I’m Amanda Chicago Lewis. I mostly report and write long, magazine-style stories. I’ve also worked as a producer on documentaries for MTV and CNN.
I’m particularly interested in accessible and fun stories about systems, people, and power. I’ve covered everything from manipulated Google results to hush money in Hollywood to the intractable bureaucracy at the Department of Homeland Security. I’ve written a lot about cannabis, as it relates to policy, politics, science, economics, culture, criminal justice, and public health. I used to write a column for Rolling Stone, and before that, I was a national reporter at BuzzFeed News. I’ve also written for GQ, the New York Times, the Wall Street Journal, WIRED, The Verge, California Sunday, POLITICO magazine, The New Republic, The Guardian, The Awl, and the LA Weekly. I’ve appeared on NPR’s All Things Considered, KCRW's Good Food, NPR's 1A, KPCC’s Air Talk with Larry Mantle, and Viceland’s Bong Appetit, among others.

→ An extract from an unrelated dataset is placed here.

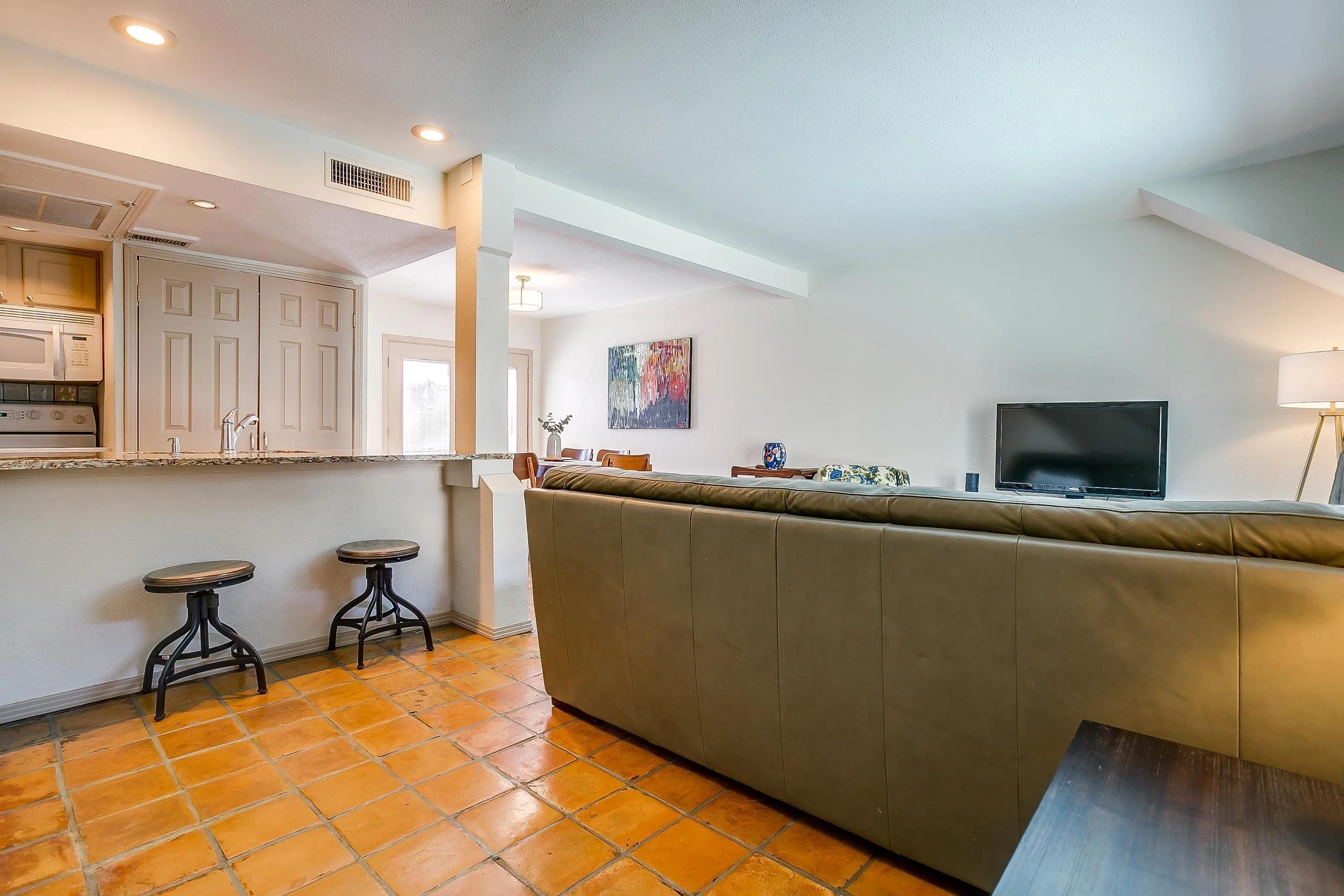 2710 Douglas Ave. (8 of 43).jpg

In 2014, I tracked down the guy that stole the Pamela Anderson and Tommy Lee sex tape from their house, proving for the first time the tape had not been released by the couple as a PR stunt. The Hulu series “Pam and Tommy” is based on my article.
This one time I was on TV in Japan. When they cut back to the studio, the news anchor said he thought I looked like Cher.